1. Upgrade all OpenClaw instances to version ≥ 2026.5.27 immediately — this is the sole confirmed fix. 2. Audit all workspace `.env` files for unexpected HOMEBREW_*, PATH, or executable-related overrides before and after patching. 3. Restrict write permissions to operator workspace directories to verified, least-privileged principals; treat workspace config as code requiring PR review. 4. In CI/CD environments, pin workspace sources to verified commit hashes and validate `.env` contents with allowlist tooling (e.g., git-secrets, trufflehog) before any skill install runs. 5. Review OpenClaw skill install logs for anomalous subprocess invocations that don't match expected Homebrew binary paths. 6. Given AIID #1368, scan installed skills against the AMOS IOC set published by Bitdefender as a precautionary measure.

What systems are affected by CVE-2026-53819?

This vulnerability affects the following AI/ML architecture patterns: agent frameworks, AI development workspaces, skill and plugin ecosystems, CI/CD pipelines with AI agent tooling.

What is the CVSS score for CVE-2026-53819?

CVE-2026-53819 has a CVSS v3.1 base score of 8.8 (HIGH).

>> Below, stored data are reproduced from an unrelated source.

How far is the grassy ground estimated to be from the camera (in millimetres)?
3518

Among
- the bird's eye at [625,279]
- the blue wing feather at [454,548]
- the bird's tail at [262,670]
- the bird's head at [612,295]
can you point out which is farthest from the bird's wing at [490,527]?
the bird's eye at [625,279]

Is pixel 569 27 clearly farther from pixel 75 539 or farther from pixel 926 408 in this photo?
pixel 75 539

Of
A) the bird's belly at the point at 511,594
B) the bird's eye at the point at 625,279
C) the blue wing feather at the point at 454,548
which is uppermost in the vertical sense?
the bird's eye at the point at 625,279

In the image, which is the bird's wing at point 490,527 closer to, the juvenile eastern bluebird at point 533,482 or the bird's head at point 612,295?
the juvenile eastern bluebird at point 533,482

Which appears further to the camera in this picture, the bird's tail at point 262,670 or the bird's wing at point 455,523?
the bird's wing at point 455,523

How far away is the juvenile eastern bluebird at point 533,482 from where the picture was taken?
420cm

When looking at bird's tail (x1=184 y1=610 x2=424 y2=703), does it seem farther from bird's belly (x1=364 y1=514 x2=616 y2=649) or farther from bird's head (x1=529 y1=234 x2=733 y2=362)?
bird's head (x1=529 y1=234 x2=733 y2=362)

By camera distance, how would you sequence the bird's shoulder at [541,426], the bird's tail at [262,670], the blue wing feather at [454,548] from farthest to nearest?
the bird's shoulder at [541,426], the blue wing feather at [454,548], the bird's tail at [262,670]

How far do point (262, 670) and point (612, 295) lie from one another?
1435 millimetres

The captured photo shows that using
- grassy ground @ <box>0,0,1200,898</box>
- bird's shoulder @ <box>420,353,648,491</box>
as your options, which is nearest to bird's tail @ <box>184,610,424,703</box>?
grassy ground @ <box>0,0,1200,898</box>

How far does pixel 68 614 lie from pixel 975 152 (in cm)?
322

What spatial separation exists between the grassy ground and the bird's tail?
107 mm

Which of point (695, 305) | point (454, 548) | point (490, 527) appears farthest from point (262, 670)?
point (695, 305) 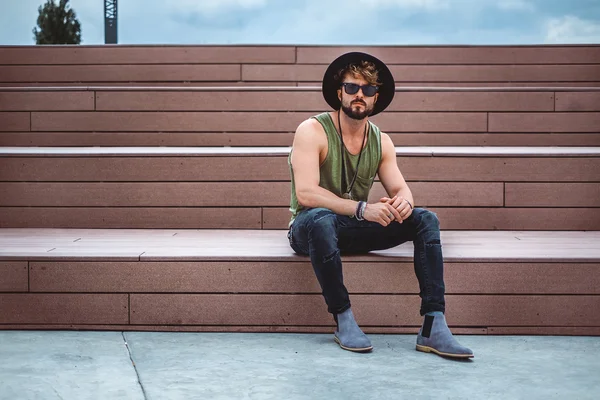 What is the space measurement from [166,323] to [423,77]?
3.08m

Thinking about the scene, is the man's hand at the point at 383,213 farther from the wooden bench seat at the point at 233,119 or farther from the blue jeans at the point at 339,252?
the wooden bench seat at the point at 233,119

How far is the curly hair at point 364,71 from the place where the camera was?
2.53 metres

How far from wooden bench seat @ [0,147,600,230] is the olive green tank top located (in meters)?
0.74

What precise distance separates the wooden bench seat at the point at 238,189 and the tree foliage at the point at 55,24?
9.25 m

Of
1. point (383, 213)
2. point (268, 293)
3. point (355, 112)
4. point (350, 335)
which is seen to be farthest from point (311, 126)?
point (350, 335)

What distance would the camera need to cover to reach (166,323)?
261 centimetres

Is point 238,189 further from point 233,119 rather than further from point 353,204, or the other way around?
point 353,204

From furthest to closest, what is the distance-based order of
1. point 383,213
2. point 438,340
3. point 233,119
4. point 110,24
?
point 110,24
point 233,119
point 383,213
point 438,340

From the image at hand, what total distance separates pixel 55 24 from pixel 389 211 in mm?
11097

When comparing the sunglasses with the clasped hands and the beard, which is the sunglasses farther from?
the clasped hands

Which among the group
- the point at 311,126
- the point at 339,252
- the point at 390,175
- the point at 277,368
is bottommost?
the point at 277,368

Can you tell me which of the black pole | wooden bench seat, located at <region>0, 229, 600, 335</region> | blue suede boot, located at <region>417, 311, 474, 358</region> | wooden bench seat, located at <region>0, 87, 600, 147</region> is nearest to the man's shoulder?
wooden bench seat, located at <region>0, 229, 600, 335</region>

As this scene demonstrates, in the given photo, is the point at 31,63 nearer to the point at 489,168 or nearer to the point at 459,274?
the point at 489,168

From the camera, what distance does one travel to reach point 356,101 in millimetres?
2547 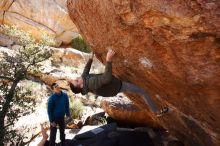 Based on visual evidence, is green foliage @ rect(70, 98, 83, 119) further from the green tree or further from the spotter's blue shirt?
the spotter's blue shirt

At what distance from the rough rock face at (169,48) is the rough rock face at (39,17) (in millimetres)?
20663

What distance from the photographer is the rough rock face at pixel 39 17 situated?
2759cm

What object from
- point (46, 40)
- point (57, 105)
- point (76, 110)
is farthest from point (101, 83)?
point (76, 110)

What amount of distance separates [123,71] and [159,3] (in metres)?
2.73

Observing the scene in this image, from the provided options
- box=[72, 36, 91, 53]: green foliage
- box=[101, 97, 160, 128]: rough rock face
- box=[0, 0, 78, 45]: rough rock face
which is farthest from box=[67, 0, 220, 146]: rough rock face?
box=[0, 0, 78, 45]: rough rock face

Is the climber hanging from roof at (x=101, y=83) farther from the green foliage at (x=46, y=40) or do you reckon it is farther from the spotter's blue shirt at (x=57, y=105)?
the green foliage at (x=46, y=40)

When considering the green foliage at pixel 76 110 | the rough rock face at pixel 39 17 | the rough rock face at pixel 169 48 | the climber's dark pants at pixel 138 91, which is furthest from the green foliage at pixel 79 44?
the climber's dark pants at pixel 138 91

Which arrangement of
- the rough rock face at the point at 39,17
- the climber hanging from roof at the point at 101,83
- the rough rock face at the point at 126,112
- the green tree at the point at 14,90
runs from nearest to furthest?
the climber hanging from roof at the point at 101,83, the green tree at the point at 14,90, the rough rock face at the point at 126,112, the rough rock face at the point at 39,17

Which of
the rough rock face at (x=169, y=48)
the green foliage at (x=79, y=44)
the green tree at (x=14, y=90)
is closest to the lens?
the rough rock face at (x=169, y=48)

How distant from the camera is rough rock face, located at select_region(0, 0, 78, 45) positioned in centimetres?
2759

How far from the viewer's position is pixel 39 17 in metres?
28.2

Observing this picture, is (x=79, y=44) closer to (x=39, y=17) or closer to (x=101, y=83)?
(x=39, y=17)

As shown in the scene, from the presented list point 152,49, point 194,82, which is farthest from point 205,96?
point 152,49

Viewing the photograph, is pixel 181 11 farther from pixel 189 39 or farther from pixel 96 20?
pixel 96 20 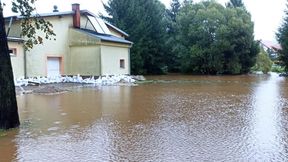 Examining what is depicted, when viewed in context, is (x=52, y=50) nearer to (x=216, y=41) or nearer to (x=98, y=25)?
(x=98, y=25)

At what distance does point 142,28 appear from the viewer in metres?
36.6

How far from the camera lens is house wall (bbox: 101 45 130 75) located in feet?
80.5

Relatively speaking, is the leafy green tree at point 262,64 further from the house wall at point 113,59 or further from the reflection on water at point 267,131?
the reflection on water at point 267,131

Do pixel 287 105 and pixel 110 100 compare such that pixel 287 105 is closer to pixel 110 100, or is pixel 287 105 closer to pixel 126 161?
pixel 110 100

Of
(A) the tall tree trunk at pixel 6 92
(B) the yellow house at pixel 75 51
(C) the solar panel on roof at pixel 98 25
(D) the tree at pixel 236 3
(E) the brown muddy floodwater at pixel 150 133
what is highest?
(D) the tree at pixel 236 3

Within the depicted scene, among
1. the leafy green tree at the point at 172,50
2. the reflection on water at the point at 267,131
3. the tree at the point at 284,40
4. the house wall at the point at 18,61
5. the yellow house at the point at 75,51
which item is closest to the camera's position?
the reflection on water at the point at 267,131

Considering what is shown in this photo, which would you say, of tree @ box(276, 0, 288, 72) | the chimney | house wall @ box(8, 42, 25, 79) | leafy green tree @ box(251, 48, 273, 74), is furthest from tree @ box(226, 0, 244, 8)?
house wall @ box(8, 42, 25, 79)

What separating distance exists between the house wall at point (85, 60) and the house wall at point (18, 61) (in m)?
4.08

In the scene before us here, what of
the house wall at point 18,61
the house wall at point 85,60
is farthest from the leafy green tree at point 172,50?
the house wall at point 18,61

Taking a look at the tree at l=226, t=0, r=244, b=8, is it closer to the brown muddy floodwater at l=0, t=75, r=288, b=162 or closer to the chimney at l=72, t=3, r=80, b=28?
the chimney at l=72, t=3, r=80, b=28

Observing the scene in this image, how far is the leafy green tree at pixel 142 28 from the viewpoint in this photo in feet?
120

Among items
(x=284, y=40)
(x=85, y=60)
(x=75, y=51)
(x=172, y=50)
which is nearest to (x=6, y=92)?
(x=85, y=60)

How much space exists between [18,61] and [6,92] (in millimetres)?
14089

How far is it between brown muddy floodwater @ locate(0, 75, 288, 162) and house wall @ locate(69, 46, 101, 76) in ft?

What is the AI security impact?

Affected AI Architectures

agent frameworksAI development workspacesskill and plugin ecosystemsCI/CD pipelines with AI agent tooling

MITRE ATLAS Techniques

AML.T0010.005 AI Agent Tool

AML.T0011 User Execution

AML.T0050 Command and Scripting Interpreter

AML.T0081 Modify AI Agent Configuration

Compliance Controls Affected

EU AI Act: Article 15

ISO 42001: 6.1

NIST AI RMF: MANAGE 2.2

OWASP LLM Top 10: LLM03:2025

What are the technical details?

Original Advisory

OpenClaw before 2026.5.27 contains an arbitrary code execution vulnerability in skill install flows where workspace .env files can override the Homebrew executable selection. Attackers with access to trusted operator workspaces can execute unintended Homebrew-compatible executables during skill setup to compromise the system.

Exploitation Scenario

An adversary with access to a shared operator workspace — either via compromised developer credentials or by contributing to a public/community workspace repository — plants a `.env` file that sets a custom Homebrew executable path pointing to a malicious binary (e.g., a credential harvester or reverse shell dropper staged on attacker infrastructure). When any team member runs the OpenClaw skill install flow, the malicious binary executes silently in the developer's local context with no visible anomaly. This requires zero AI/ML expertise and mirrors the operational technique used in the AIID #1368 AMOS stealer campaign, but bypasses the need to publish a malicious skill — workspace config write access alone is sufficient for full compromise.